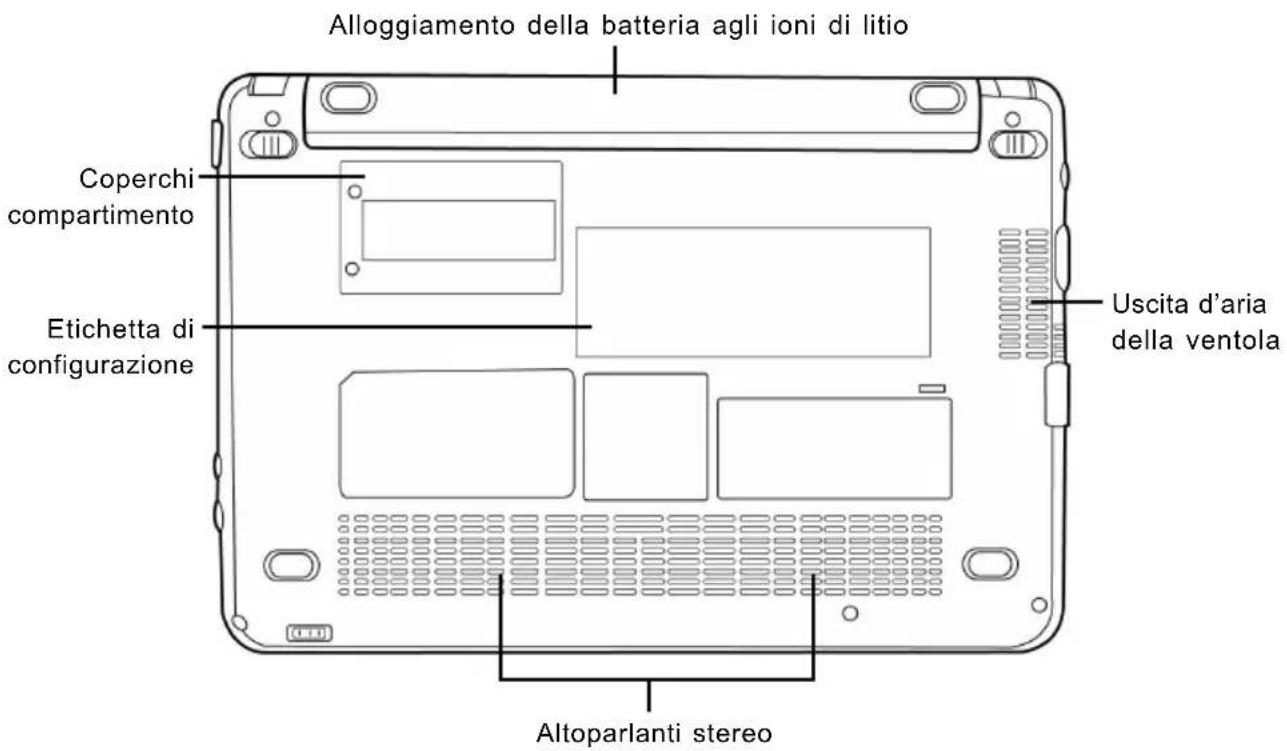 AIRIS Kira 800 - Slot bloccaggio Kensington - 3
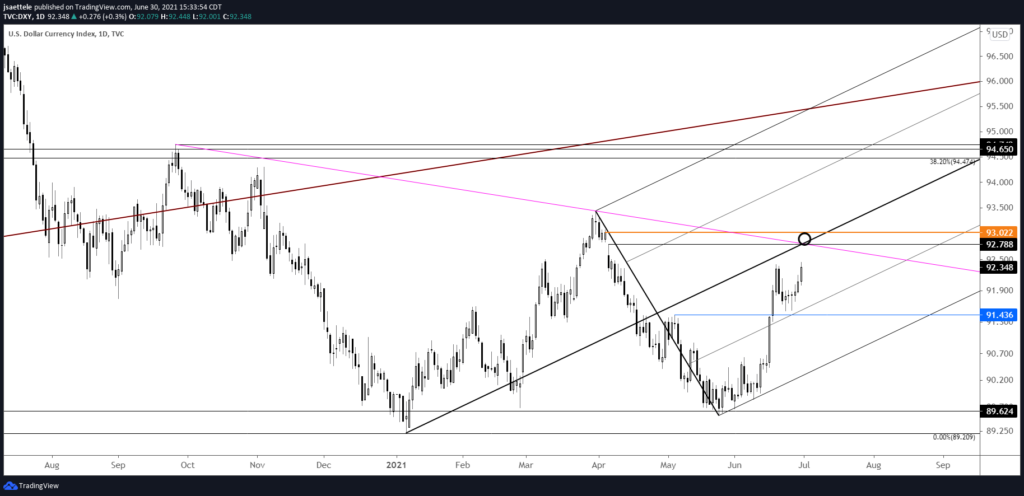 Market Update 6/30 - Big EURUSD Level at 1.1770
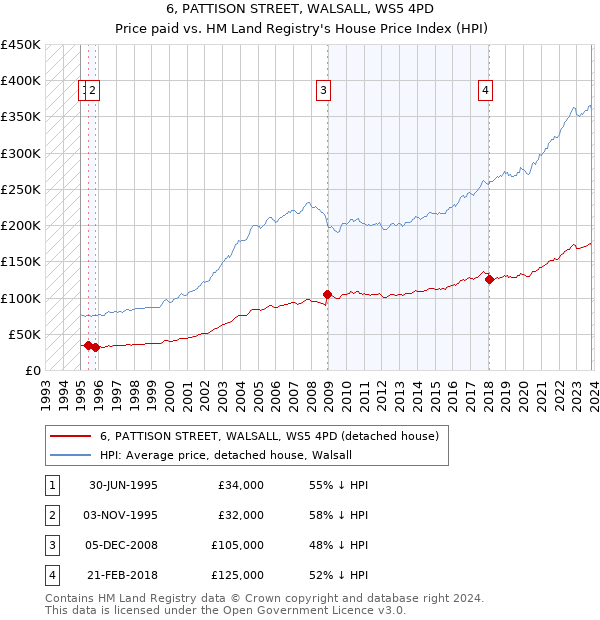 6, PATTISON STREET, WALSALL, WS5 4PD: Price paid vs HM Land Registry's House Price Index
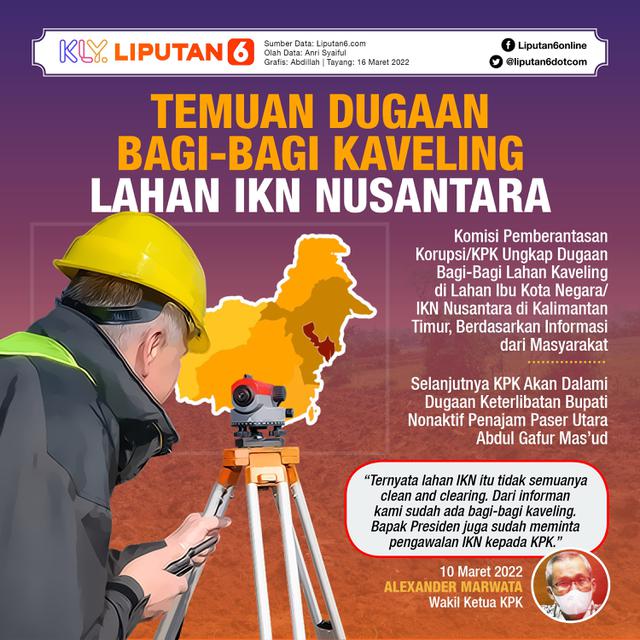 Infografis Temuan Dugaan Bagi-Bagi Kaveling Lahan IKN Nusantara. (Liputan6.com/Abdillah)
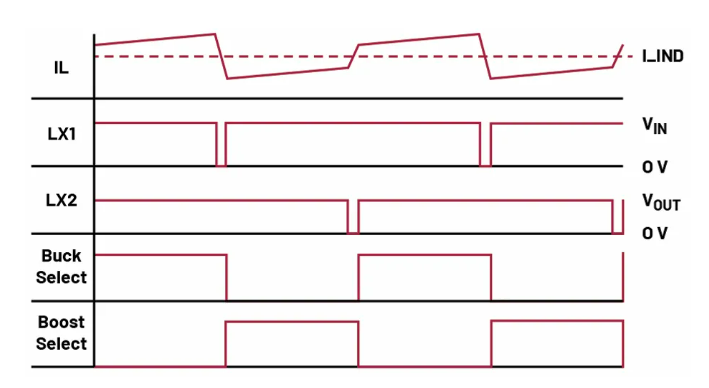 如何利用交替式控制提升電源系統(tǒng)的響應(yīng)速度與穩(wěn)定性？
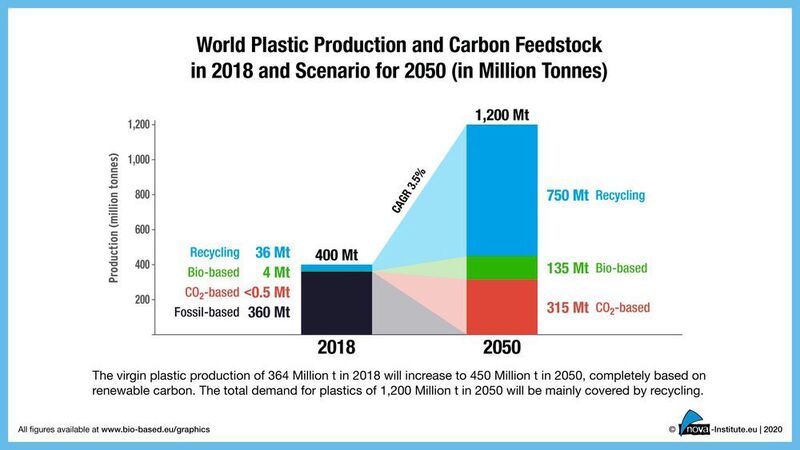 World plastic production and carbon feedstock in 2018 as well as scenario for 2050.  (Nova-Institut 2020)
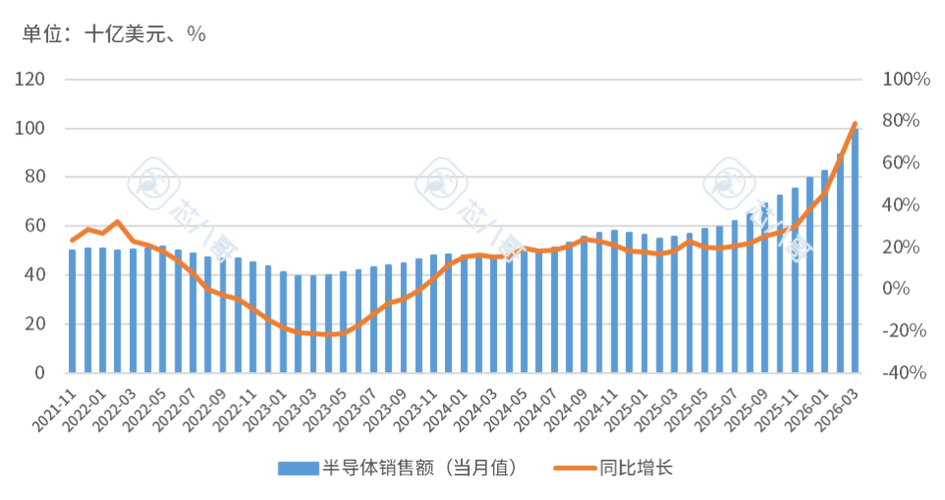 电子元器件销售行情分析与预判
##############################
> **Task goal**: Leave every picture out and output the records exactly.

> **Task output**:
 AIRIS Kira 800 - Slot bloccaggio Kensington - 3
 Market Update 6/30 - Big EURUSD Level at 1.1770
 6, PATTISON STREET, WALSALL, WS5 4PD: Price paid vs HM Land Registry's House Price Index
 Infografis Temuan Dugaan Bagi-Bagi Kaveling Lahan IKN Nusantara. (Liputan6.com/Abdillah)
 如何利用交替式控制提升電源系統(tǒng)的響應(yīng)速度與穩(wěn)定性？
 World plastic production and carbon feedstock in 2018 as well as scenario for 2050.  (Nova-Institut 2020)
 电子元器件销售行情分析与预判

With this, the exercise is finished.